The code is as follows:

package asyncTaskDemo.com;

import java.io.BufferedReader;

import java.io.IOException;

import java.io.InputStream;

import java.io.InputStreamReader;

import android.app.Activity;

import android.os.AsyncTask;

import android.os.Bundle;

import android.widget.TextView;

public class AsyncTaskDemo extends Activity {

private TextView txtContent;

/** Called when the activity is first created. */

@Override

public void onCreate(Bundle savedInstanceState) {

super.onCreate(savedInstanceState);

setContentView(R.layout.main);

txtContent = (TextView) findViewById(R.id.txtContent);

ReadFileTask task = new ReadFileTask();

task.execute();

}

public InputStream openResourceFile(int id)

{

return getResources().openRawResource(id);

}

private class ReadFileTask extends AsyncTask<Void, Void, String> {

@Override

protected String doInBackground(Void... UnUsed) {

String response = "";

String str="";

StringBuffer buf = new StringBuffer();

InputStream is = openResourceFile(R.drawable.textfile);

BufferedReader reader = new BufferedReader(new InputStreamReader(is));

if (is!=null) {

try {

while ((str = reader.readLine()) != null) {

buf.append(str + "n" );

}

is.close();

} catch (IOException e) {

e.printStackTrace();

}

}

response = buf.toString();

return response;

}

@Override

protected void onPostExecute(String result) {

txtContent.setText(result);

}

}

}

Here we have a TextView within the UI on which we are going to display the contents of a file. This file will be read in the background using a separate thread. In the onCreate method, we simply get the TextView and store it in a member variable of the class. Finally, we create an instance of the AsyncTask class and execute it.

Async Task Arguments

While declaring the subclass to AsyncTask, we can also declare the types of arguments that we will pass to the different methods within our sub class. These arguments will override the defaults.
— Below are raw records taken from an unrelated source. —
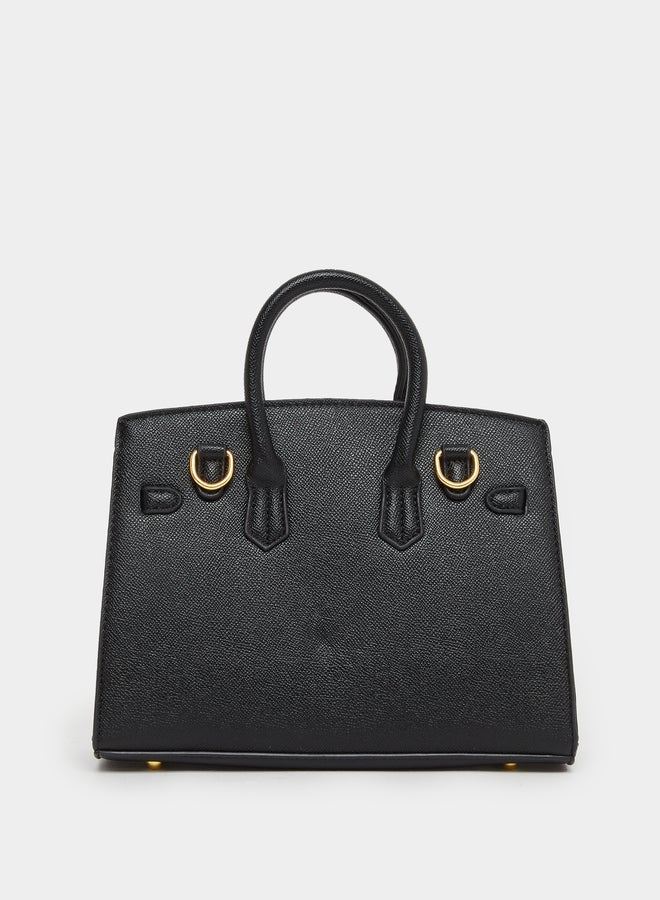 Styli Black Twist Lock Handbag with Purse Charm - Image 2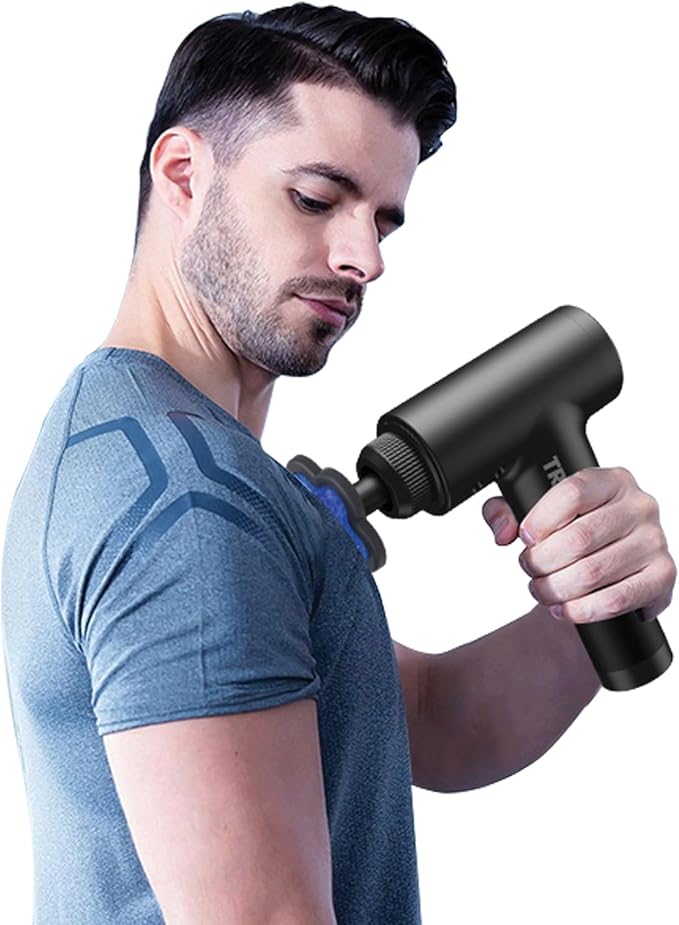 TRAKK Beast Cordless Hot and Cold Percussion Massager 6 Intensity Levels Deep Tissue Massage Gun Black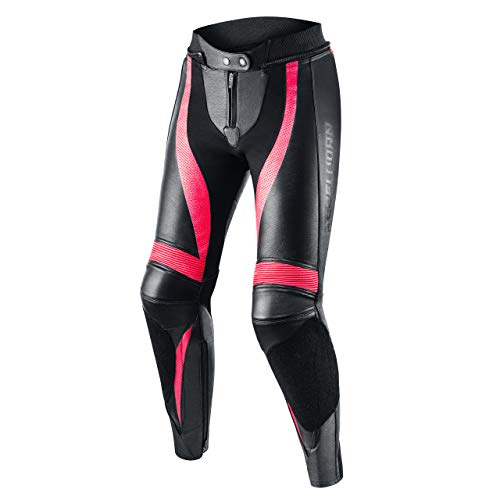 REBELHORN Rebel Womens Motorcycle Trousers, Leather, Knee and Hip Protectors, Interchangeable Knee Pads, Perforated Panels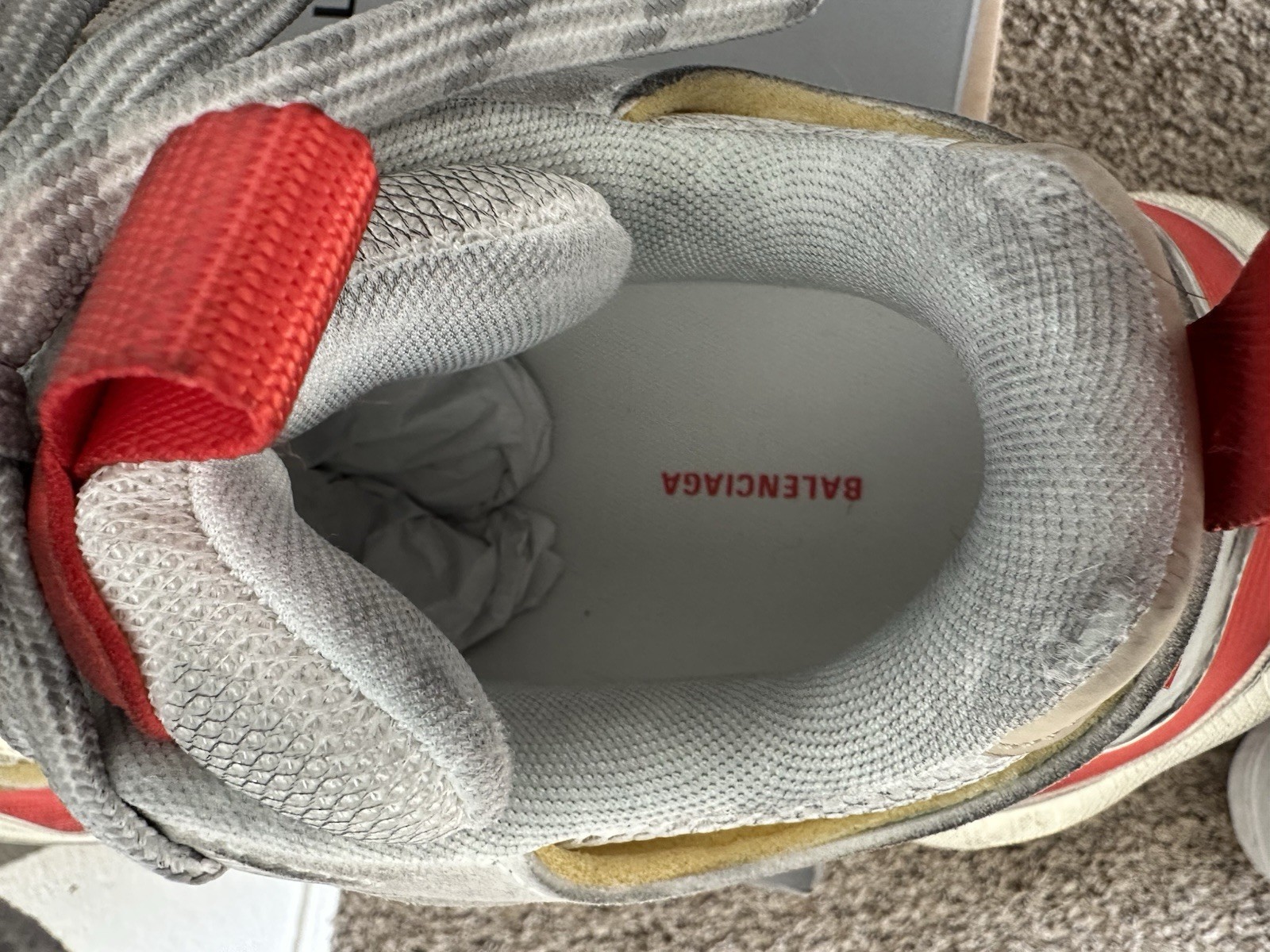 Balenciaga Cargo Sneakers Worn Out Beige Red Men's Size 40  US 7 thumbnail 10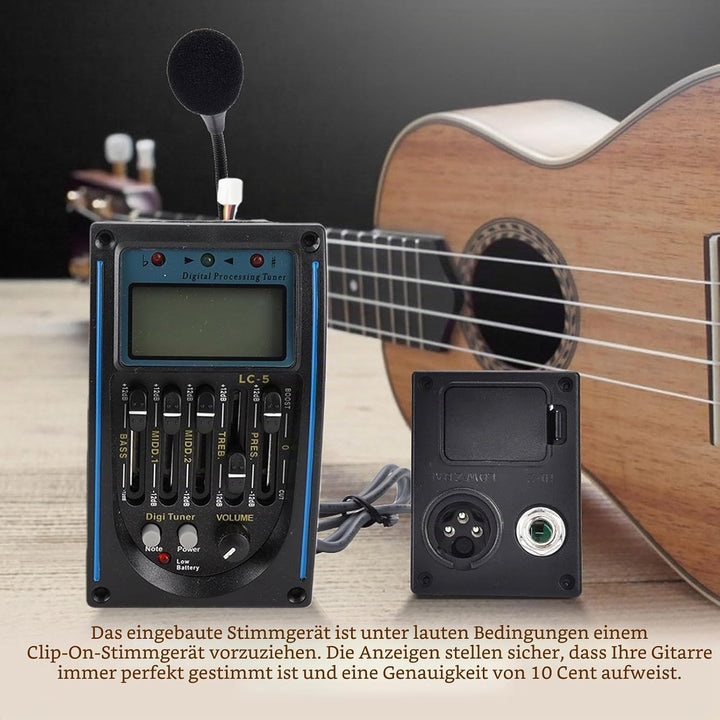 DC 9V Tonabnehmer Preamp Gitarre, 5Band Digitale Gitarre Preamp Piezo Tuner, Digital Tuner Pickup Eq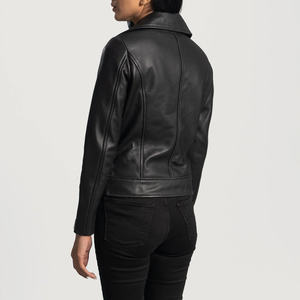 Blouson de motard respirant en cuir véritable pour femme, style racer, finition 2026 - Product Image 2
In our ReadFileTask class, we have used void, void, and string, so void will be the argument passed to the doInBackground function, void will be the argument passed to the onProgressUpdate function, and string will be the argument passed to the onPostExecute function.

private class ReadFileTask extends AsyncTask<Void, Void, String>

The Methods of AsyncTask

Now, we will override the doInBackground method of AsyncTask — the code that will run in background thread. Here, we are just opening a file in the drawable folder, reading it line by line, and storing it within a string buffer.
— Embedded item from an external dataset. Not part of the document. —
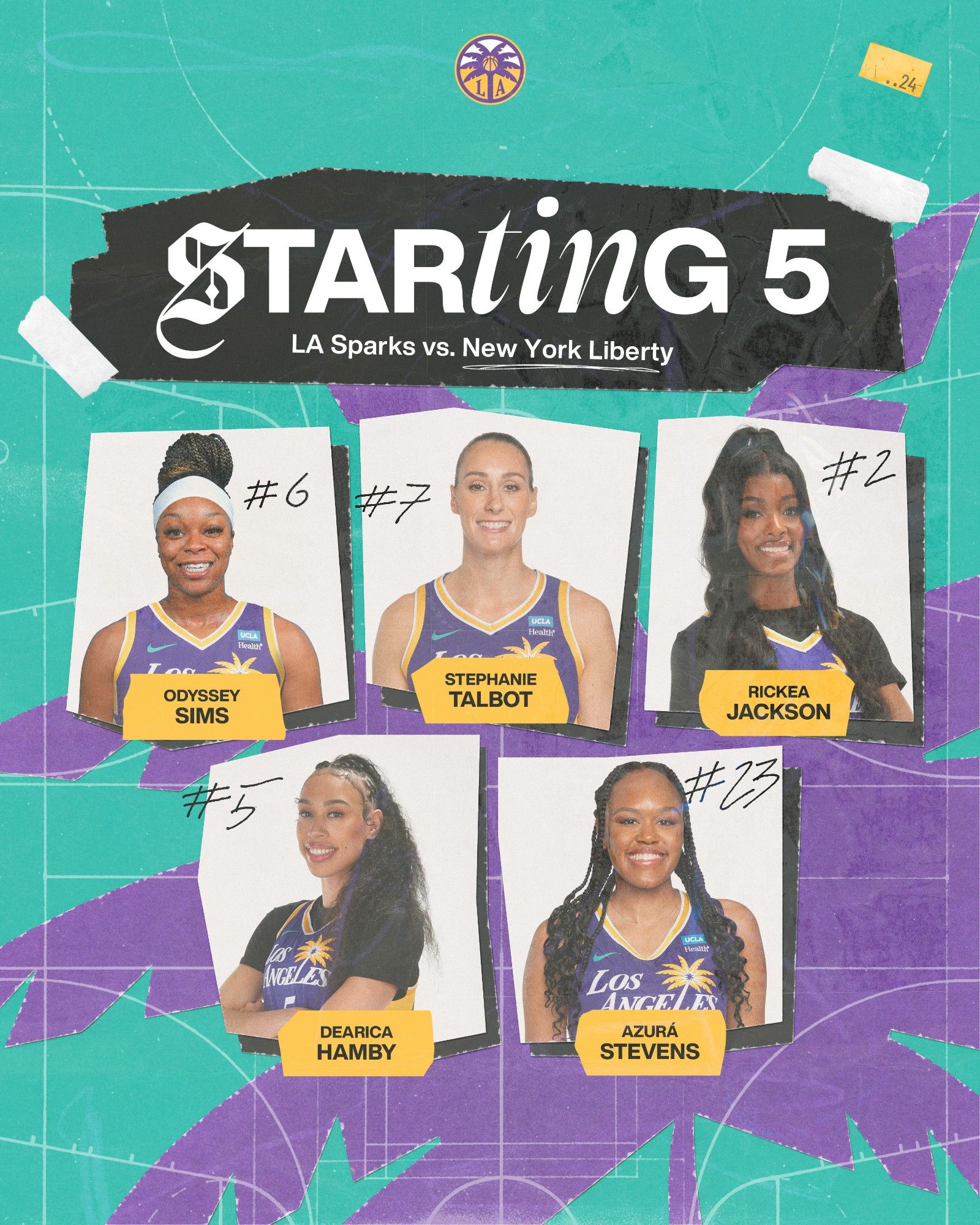 Sparks vs. Liberty Starters: Cambage vs. Stewart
Then, we override the onPostExecute method, which will be called when the background thread has finished performing the task of displaying the file on the device’s screen.
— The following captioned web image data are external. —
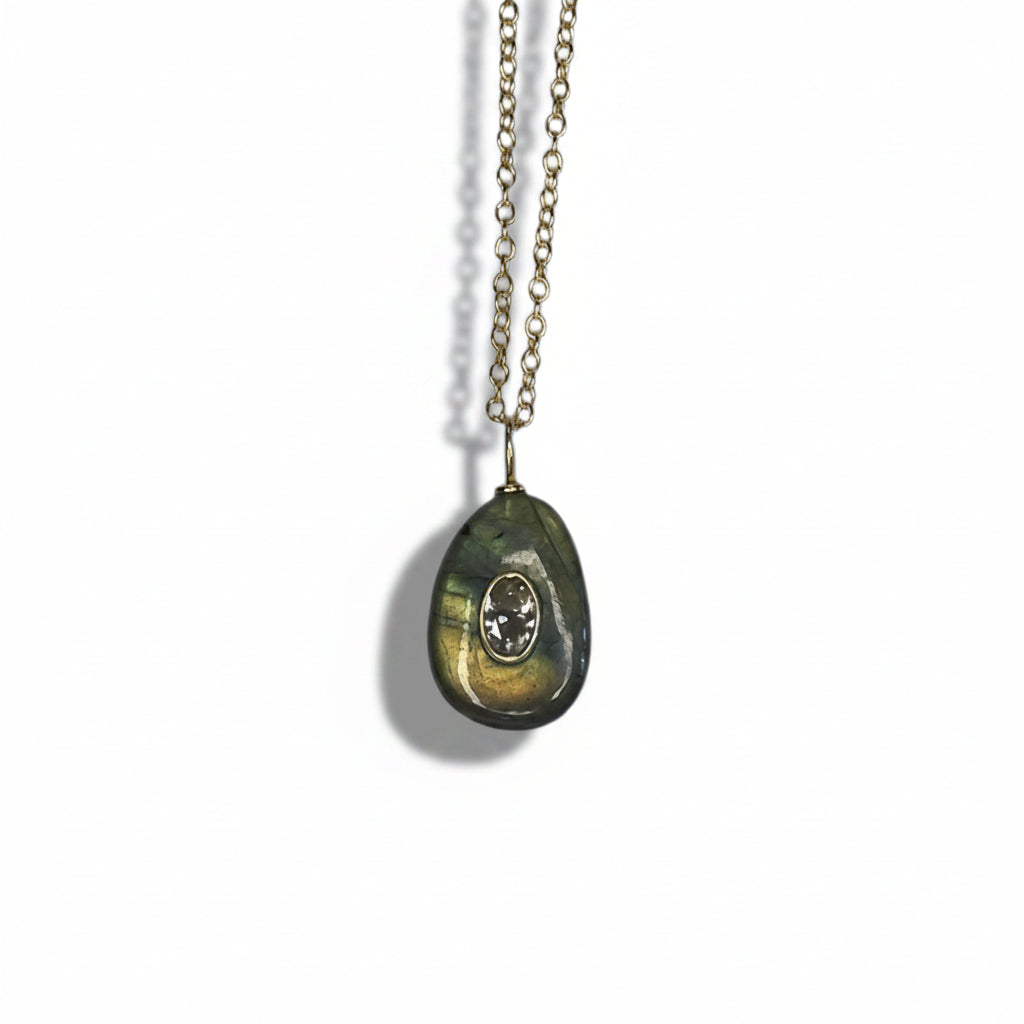 labradorite, labradorite necklace, white topaz, topaz necklace, jewelry, 14k gold-fill, hand-crafted, rebekah brooks, women-owned, local
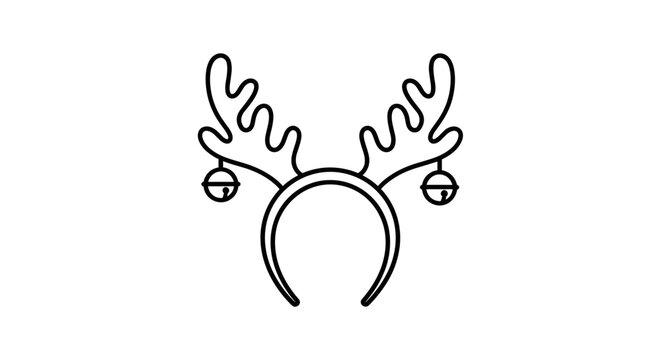 Minimalist black and white illustration of a reindeer antlers headband with jingle bells, simple line art design on a plain white background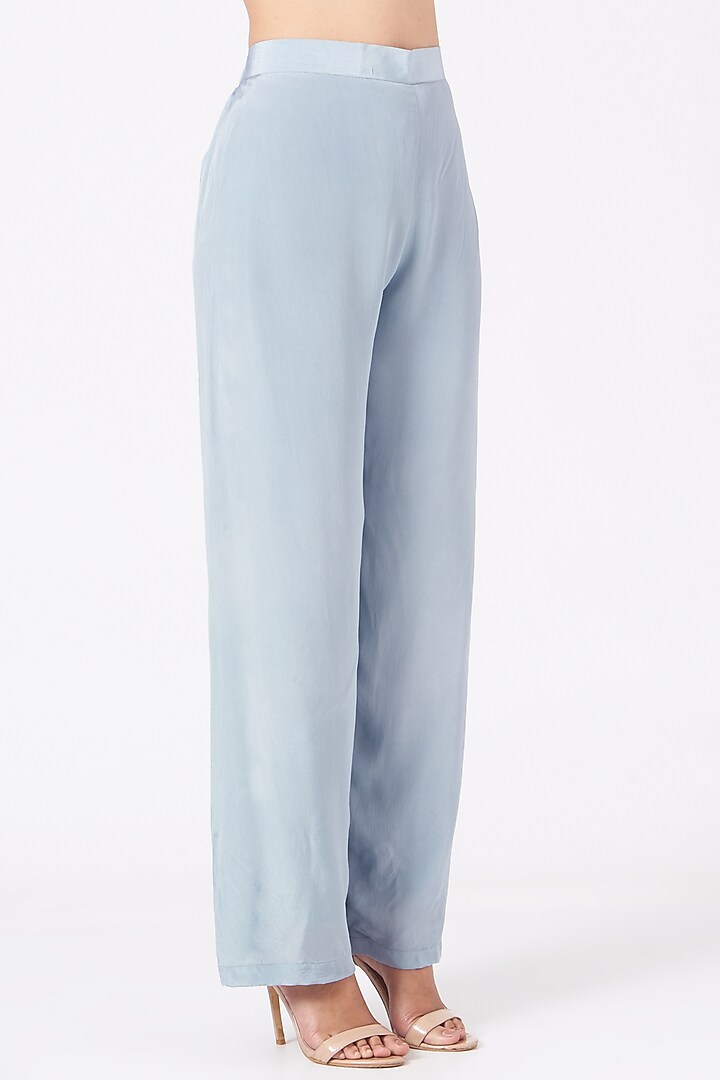 Steel Blue Hand Embroidered Kurta Set by Radha Sharma at Pernia's Pop Up Shop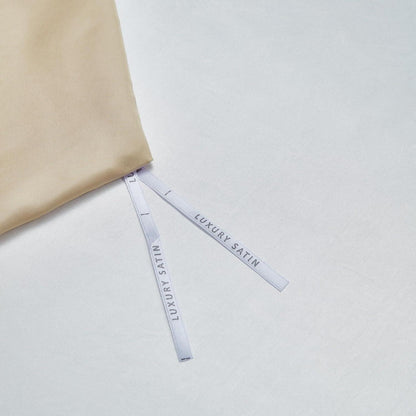 Satin Bettwäsche Set 200x220 Beige/Weiß – Deluxe Wendebettwäsche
If we run the program now, the output will be as follows:

Conclusion

Developers always have to perform complex and time-consuming tasks within our Android apps. If these tasks aren’t segmented in separate threads, they might cause our application to hang, freeze, crash, or simply be a slow and inefficient. The benefits of using separate threads outweigh the downsides, so you should use them often to make snappy, responsive, crashproof Android apps.